◆ **STUDY MATERIAL**
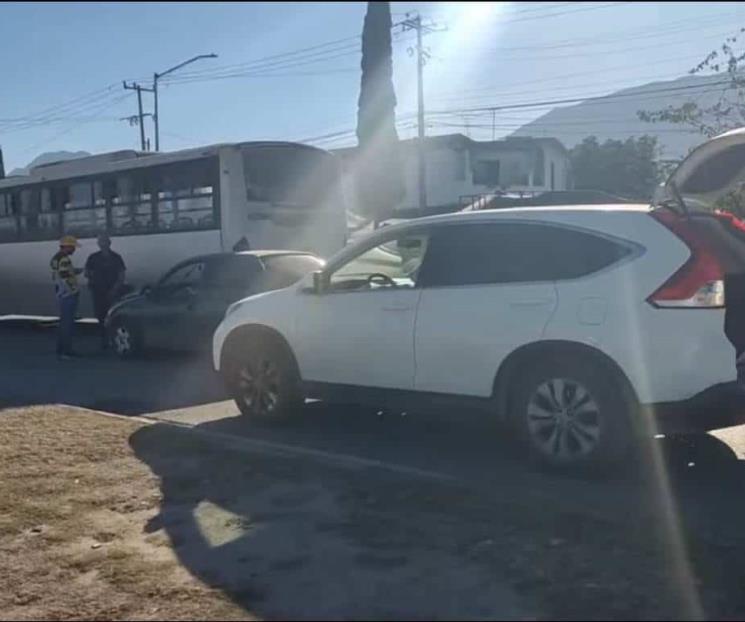 Alarma choque múltiple en Juárez Alarma choque múltiple en Juárez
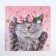 Set: notebook - coloring, crayons 4 pcs. "Cat"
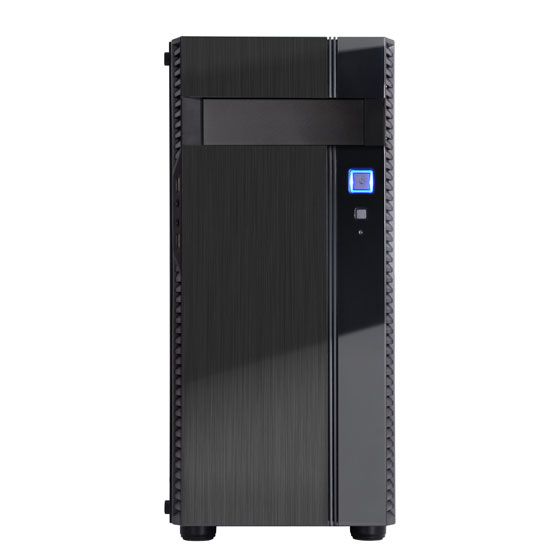 Корпус SilverStone PS14B-E, без БЖ, 2xUSB3.0, Steel Side Panel, ATX, Black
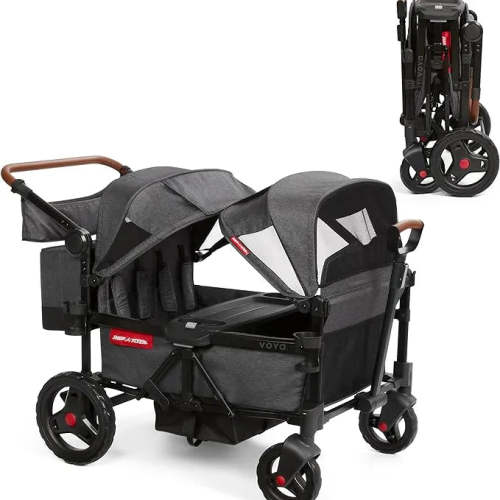 Voya Quad Baby Stroller Wagon - Gray/Black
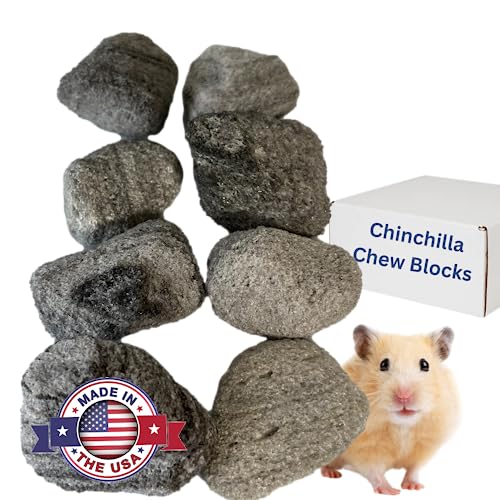Volcanic Pumice Chinchilla Chew Block | Mined in USA | 100% Natural and Genuine | Pumice Stone for Small Animals | by Billy Buckskin Co.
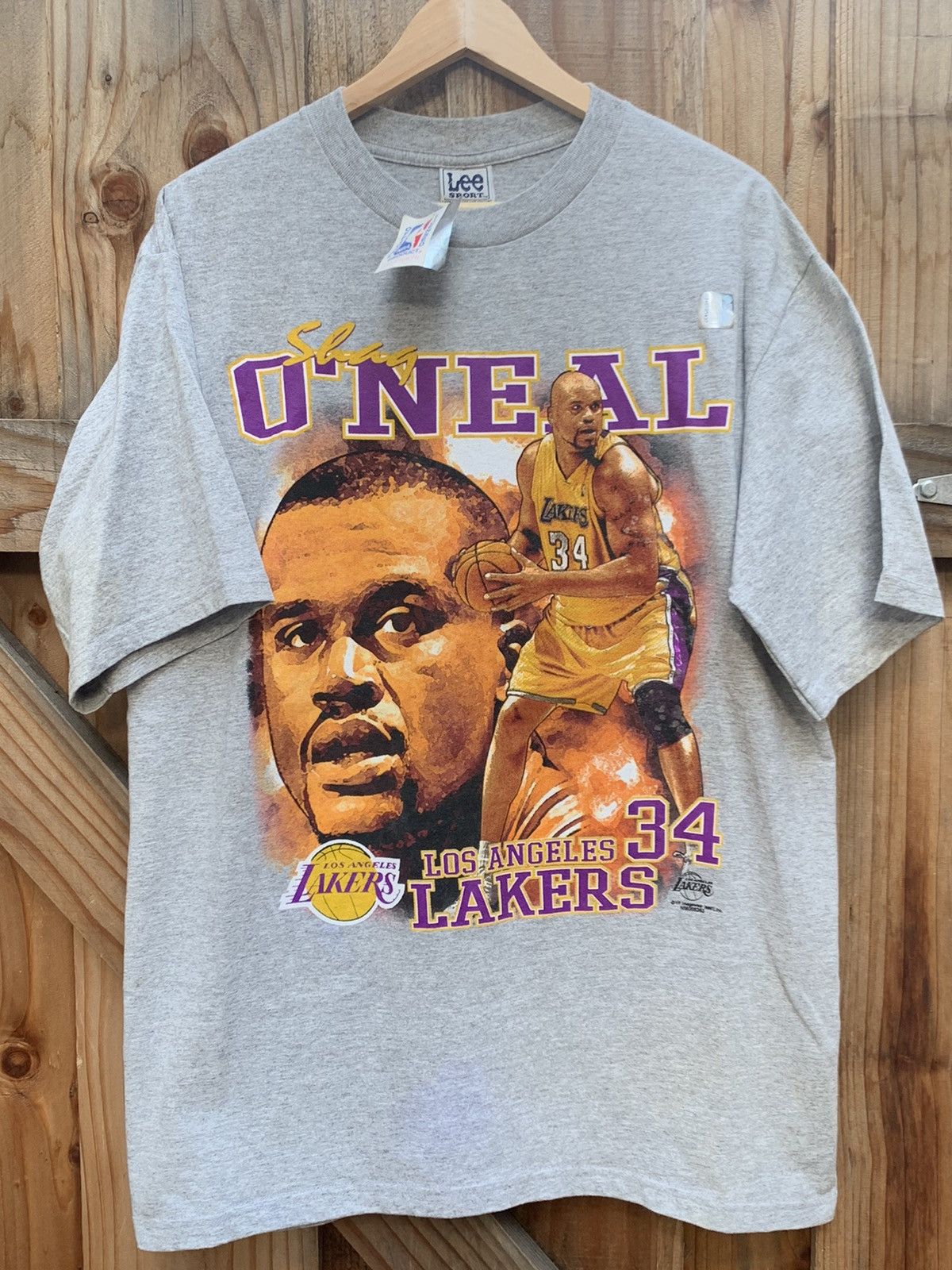 Shaquille O'Neal Los Angeles Lakers - New Vintage T shirt - Vintage Band  Shirts
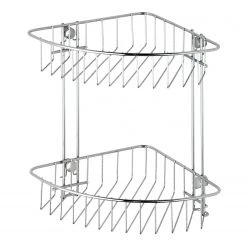 WENKO Étagère murale Classic Acier - Acier inoxydable - Chrome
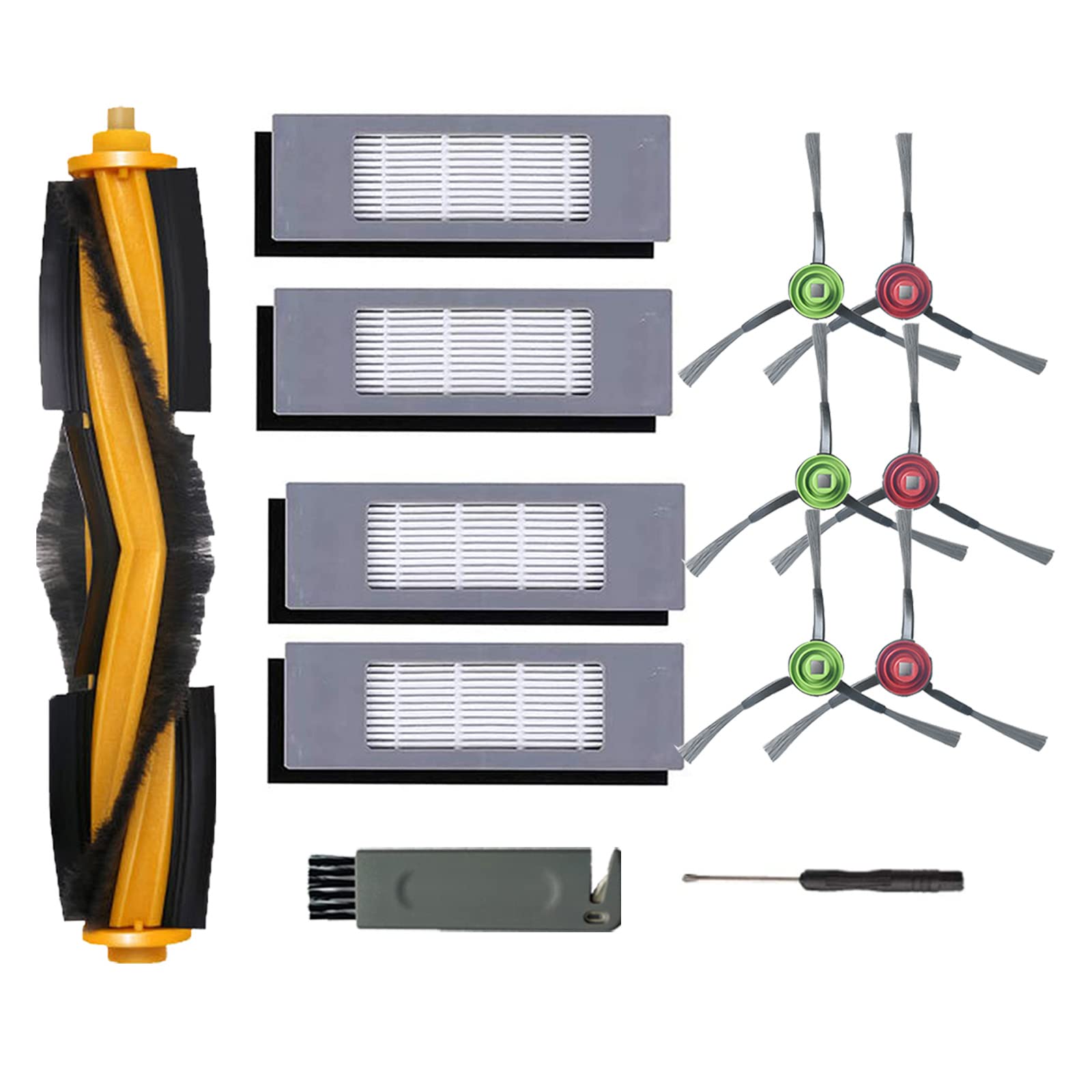 13 Pcs Accessories Set Replacement For Yeedi Vac/Vac Max/Vac Station/Vac 2 Pro Robot Vacuum Main Side Brush Filter Replacement P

◆ **ASSIGNED TASK**
Only the lines from the one containing "Volcanic Pumice Chinchilla" through the end of the listing should be output, word for word and inclusive; keep pictures out.

◆ **TASK RESULT**
Volcanic Pumice Chinchilla Chew Block | Mined in USA | 100% Natural and Genuine | Pumice Stone for Small Animals | by Billy Buckskin Co.
 Shaquille O'Neal Los Angeles Lakers - New Vintage T shirt - Vintage Band  Shirts
 WENKO Étagère murale Classic Acier - Acier inoxydable - Chrome
 13 Pcs Accessories Set Replacement For Yeedi Vac/Vac Max/Vac Station/Vac 2 Pro Robot Vacuum Main Side Brush Filter Replacement P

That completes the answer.